Periskop.id - Tim Penyidik pada Jaksa Agung Muda Bidang Tindak Pidana Khusus (Jampidsus) Kejaksaan Agung (Kejagung) resmi menetapkan Sekretaris Deputi Bidang Promosi dan Kerja Sama Badan Gizi Nasional (BGN) berinisial LMI sebagai tersangka baru. LMI dijerat terkait kasus dugaan korupsi tata kelola Program Makan Bergizi Gratis (MBG) pada Badan Gizi Nasional Tahun Anggaran 2025–2026.
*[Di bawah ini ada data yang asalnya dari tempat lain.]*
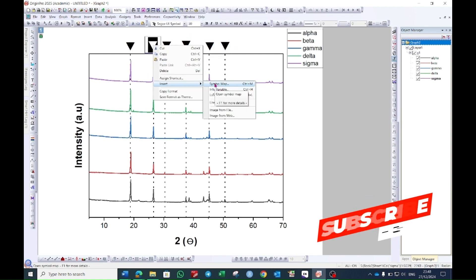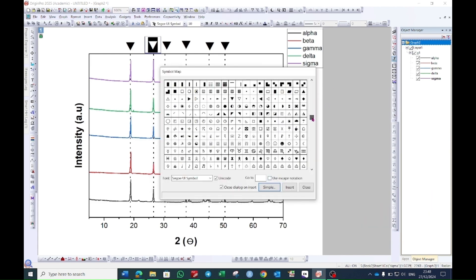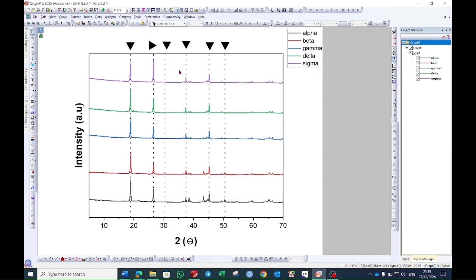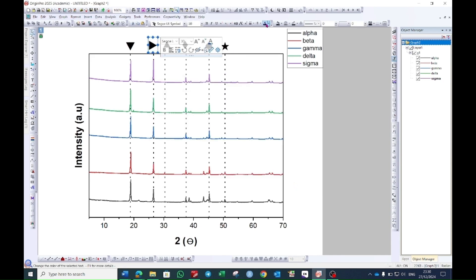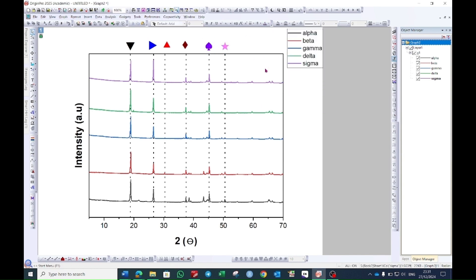Now select the sample, press Ctrl+C and Ctrl+V, and bring this sample to the top of each peak. Double-click on this symbol, select Symbol Map, and go to the Advanced option again. Choose another symbol, press Insert — this symbol is chosen. I will do the same for the rest of the samples. Now select the symbol; you see here 'Font Color' — select this and choose whatever colors you want to give to your samples.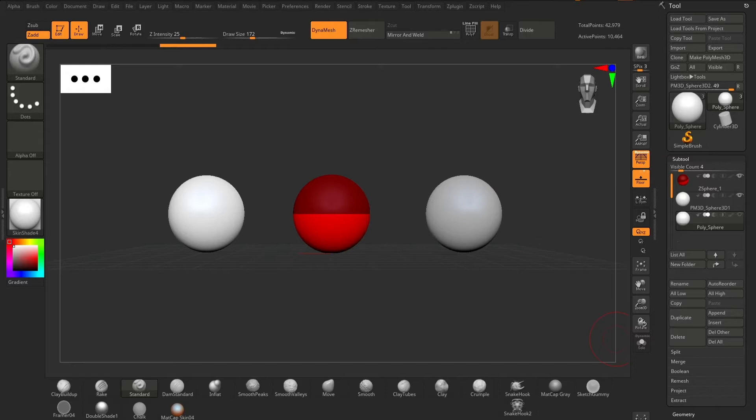There are three different spheres that can help you get started with your sculpt, each one with a different purpose. A lot of professionals tend to dive headfirst in with a Dynasphere, but it's important to note that there are different options with different advantages to each sphere that can help you create the best foundation for your sculpt.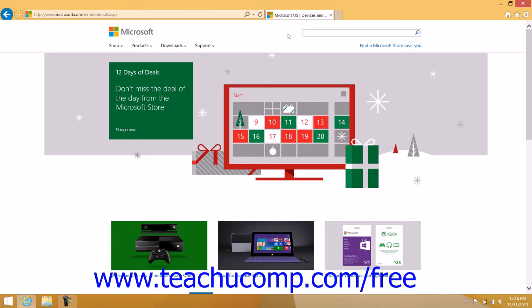The web page will then be displayed within the tab that appears to the right of the address bar. In the center of the window is where you will view the content of the web page. Often you will see scroll bars at the right and bottom of this area that allow you to scroll through and see the entirety of the web page.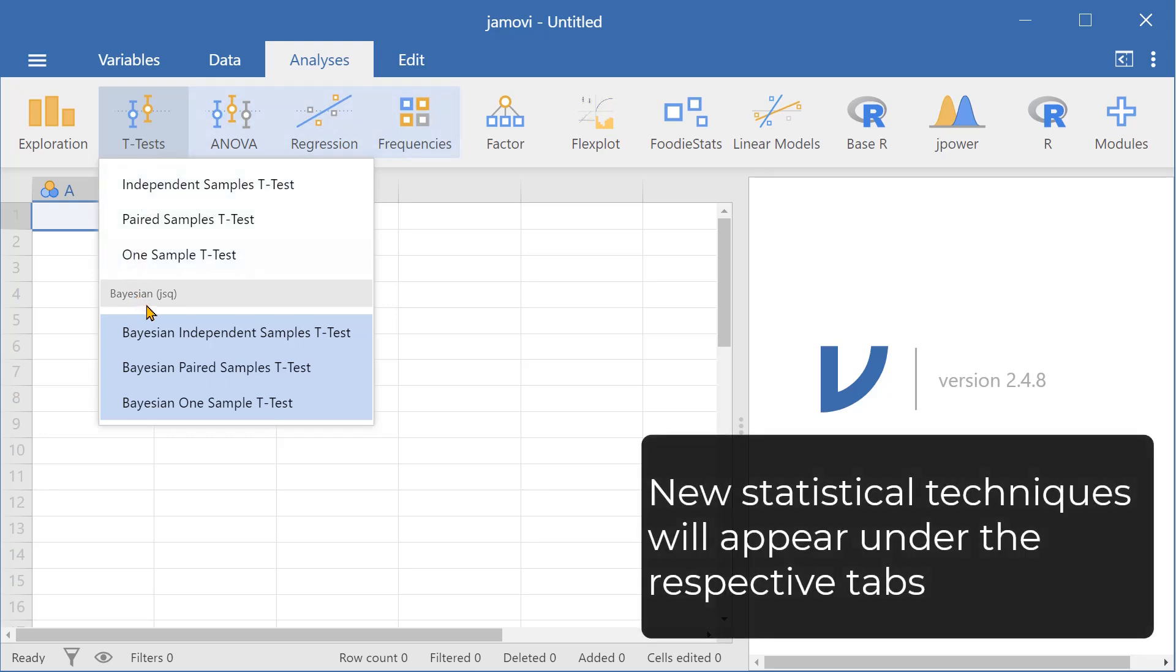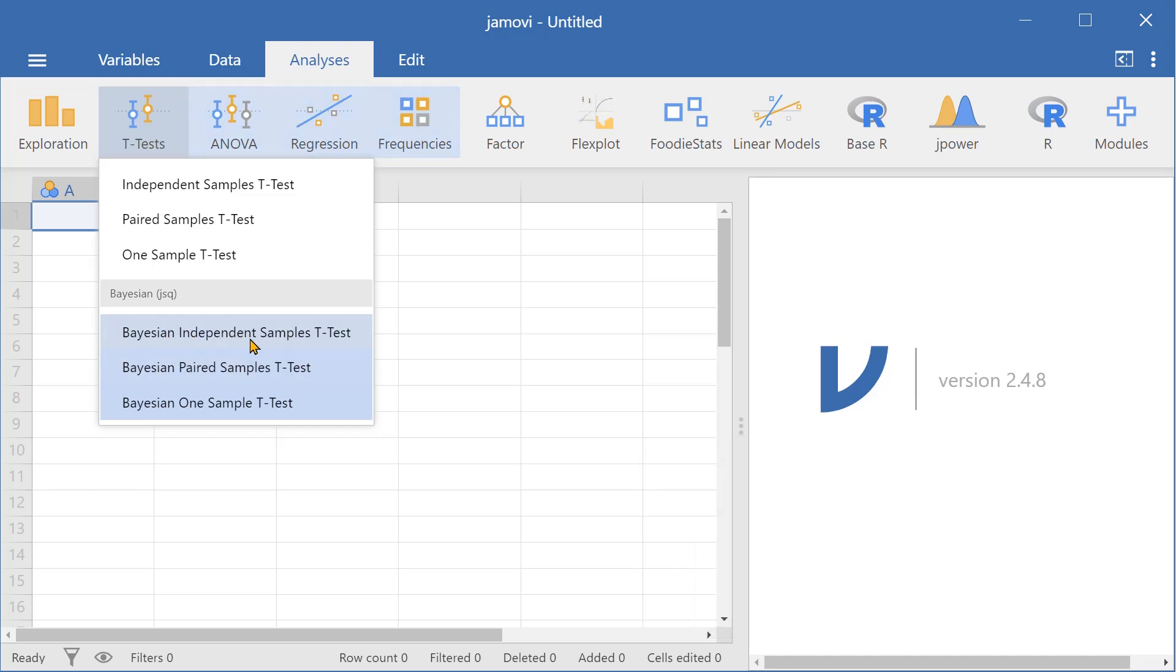The module shows up here under t-tests and under regression frequencies. You can use any of these analyses such as Bayesian independent samples t-test, Bayesian paired samples t-test, and Bayesian one sample t-test.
Direktur Penyidikan Jampidsus Kejagung, Syarief Sulaeman Nahdi, menjelaskan penetapan tersangka dilakukan setelah tim penyidik mengantongi alat bukti yang cukup dari serangkaian pemeriksaan saksi secara mendalam. Usai menyandang status tersangka pada Selasa (30/6), LMI langsung dijebloskan ke sel tahanan.
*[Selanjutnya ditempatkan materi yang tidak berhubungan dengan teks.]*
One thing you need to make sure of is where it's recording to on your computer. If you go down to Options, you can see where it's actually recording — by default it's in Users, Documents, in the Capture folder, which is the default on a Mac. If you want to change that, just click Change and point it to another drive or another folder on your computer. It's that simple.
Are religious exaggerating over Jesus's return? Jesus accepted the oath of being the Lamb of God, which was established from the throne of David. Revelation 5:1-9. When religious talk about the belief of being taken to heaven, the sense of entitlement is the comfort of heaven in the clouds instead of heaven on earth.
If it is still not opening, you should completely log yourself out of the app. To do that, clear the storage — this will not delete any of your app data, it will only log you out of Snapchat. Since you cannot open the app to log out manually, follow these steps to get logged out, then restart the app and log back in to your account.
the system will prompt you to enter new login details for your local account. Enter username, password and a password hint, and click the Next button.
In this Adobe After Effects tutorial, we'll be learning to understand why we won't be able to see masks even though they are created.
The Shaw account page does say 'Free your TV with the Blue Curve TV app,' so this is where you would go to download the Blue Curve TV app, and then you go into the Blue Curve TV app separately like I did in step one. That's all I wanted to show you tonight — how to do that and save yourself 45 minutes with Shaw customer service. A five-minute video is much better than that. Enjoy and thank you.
“Terhadap tersangka LMI dilakukan penahanan selama 20 (dua puluh) hari ke depan di Rutan Salemba Cabang Kejaksaan Negeri Jakarta Selatan,” kata Syarief di Gedung Kejagung, Kamis (2/7).
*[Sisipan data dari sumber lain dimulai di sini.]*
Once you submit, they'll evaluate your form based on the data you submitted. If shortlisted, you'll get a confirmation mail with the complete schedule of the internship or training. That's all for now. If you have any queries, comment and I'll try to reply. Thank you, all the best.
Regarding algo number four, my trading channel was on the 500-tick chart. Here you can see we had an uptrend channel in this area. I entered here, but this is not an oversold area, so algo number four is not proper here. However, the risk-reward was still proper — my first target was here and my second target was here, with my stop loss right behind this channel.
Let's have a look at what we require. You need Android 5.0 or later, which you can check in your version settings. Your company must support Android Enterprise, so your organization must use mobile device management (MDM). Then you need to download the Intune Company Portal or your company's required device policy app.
Syarief menjelaskan, LMI memanfaatkan posisinya sejak menjabat sebagai Kepala Biro Hukum dan Humas BGN (Desember 2024–Maret 2025) hingga menduduki posisi Sekretaris Deputi Bidang Promosi dan Kerja Sama BGN (Maret 2025–sekarang) untuk mengeruk keuntungan pribadi dari program nasional tersebut.
Pada awal 2025, LMI memerintahkan dua rekannya, YCS dan RD, mendirikan perusahaan swasta bernama PT SGI. Perusahaan ini sengaja dibentuk sebagai kedok monopoli penjualan wadah makanan berupa food tray (ompreng) kepada calon mitra Satuan Pelayanan Pemenuhan Gizi (SPPG).
LMI kemudian melobi dan bersekongkol dengan pejabat BGN lain berinisial SS agar bisnis ompreng miliknya berjalan mulus.
“Selanjutnya, LMI meminta izin kepada SS untuk melakukan penjualan food tray (ompreng) kepada calon mitra SPPG dengan tujuan agar diloloskan verifikasi. Setelah terjadi kesepakatan antara SS dan LMI, lalu LMI mencari calon mitra SPPG dengan syarat membeli food tray (ompreng) dari PT SGI,” jelas Syarief.
Sistem verifikasi pada Portal MBG pun diatur berdasarkan setoran. Setiap kali ada calon mitra SPPG yang melunasi pembayaran pembelian ompreng ke PT SGI, laporan tersebut langsung diteruskan ke LMI.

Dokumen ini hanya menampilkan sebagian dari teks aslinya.